Diagnosis of diffuse spasm

There is no laboratory marker that can help in the diagnosis of these conditions.

Eliminating the possibility of other causes of symptoms such as acid reflux disease, other esophageal motility disorders or narrowing of the esophagus is important to ensure that the correct treatment is initiated.

If the symptoms are suggestive of gastroesophageal reflux, empirical treatment can be started.

If there is no relief then, the tests below should be done:

Barium swallow studies

The thick barium contrast solution is swallowed to see structures of the esophagus by X-rays and, potentially, watch the reflux of stomach contents.

The modality of choice is barium swallowing and esophageal manometry.

A barium swallow will show an esophageal spasm from multiple contractions that appear at the same time, causing an appearance similar to a corkscrew.

Manometry is the best modality to diagnose esophageal spasm. The variants have characteristic findings.

The nutcracker esophagus is characterized by coordinated contractions in the smooth muscle of the esophagus with excessive amplitude and duration.

Diffuse esophageal spasm, will have more than 20 percent premature contractions in the topography of esophageal pressure.

Esophageal manometry

The esophageal manometry measures the esophageal pressures and the swallowing capacity of the patient.

Upper endoscopy or EGD (esophagogastroduodenoscopy).

Since these patients have dysphagia, an endoscopy will be required to rule out structural problems.

This is a procedure whereby a small tube of light is passed through the esophagus, stomach, and first portion of the small intestine.

This test allows the doctor to see the lining of your upper gastrointestinal tract and take biopsies (tissue samples) if necessary.

Treatment

Certain medical conditions such as diabetes mellitus, alcoholic neuropathy, amyloidosis , anxiety, scleroderma, and acid reflux disease may increase the risk of distal esophageal spasm.

Therefore, it is essential that diagnostic tests are carried out to formulate a diagnosis.

In esophageal manometry, radiographic studies of barium swallowing, ultrasound and other imaging procedures can be performed to evaluate the condition of the esophagus.

Modification of the diet can be beneficial in case of patients suffering from acid reflux disease. Since the consumption of very hot or cold foods and drinks can trigger abnormal contractions.

When it comes to drug therapy, doctors usually follow a symptomatic approach.

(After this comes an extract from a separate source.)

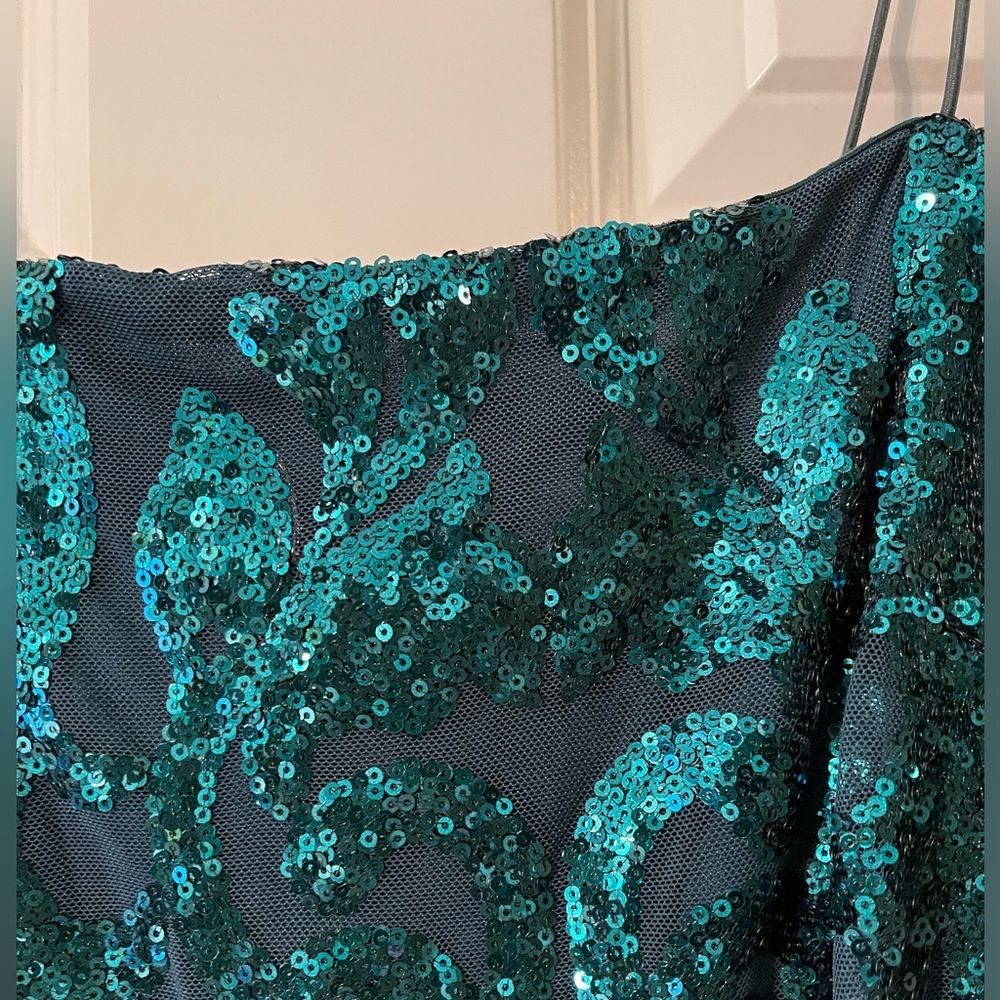 Green Sequin Mini Dress with Spaghetti Straps - Picture 6 of 6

Medications may be recommended to alleviate the specific symptoms that the patient may be experiencing.

Calcium channel blockers, such as diltiazem, tricyclic antidepressants, and imipramine, which have been shown to be effective in small randomized trials, may be recommended.

If the pharmacological therapy is not giving the desired results, there are few treatment options, the botulinum toxin can be injected into the gastroesophageal junction or a drug that contributes with nitric oxide such as isosorbide or sildenafil.

In severe cases, surgery may be recommended for the treatment of a symptomatic diffuse esophageal spasm.

The prognosis is good if this condition is diagnosed and treated during the early stages.

If treated early, there is a lower chance that such spasms will progress to achalasia.

Difficulty swallowing food, chest pain, heartburn and a variety of other symptoms that occur due to this condition can be controlled with the help of drug therapy.

Modifying the diet can also help reduce the incidence of such episodes.

In severe cases, surgical procedures such as esophageal dilatation or esophageal myotomy may be required for the treatment of this esophageal motility disorder.

If all else fails, a last resort is esophagectomy

Prognosis of diffuse spasm

Mortality is rare but morbidity is significant and will affect the quality of life with possible psychological problems in development, especially if the diagnosis is not made.

Patients are frequent visitors to the emergency room and are often discharged once cardiac cases are ruled out, leaving them confused with little relief from their pain. These patients have an increased risk of achalasia.

As in the case of any medical condition, an opportune diagnosis will not only help in the successful management of the symptoms, but also in the prevention of the recurrence of such episodes in the future.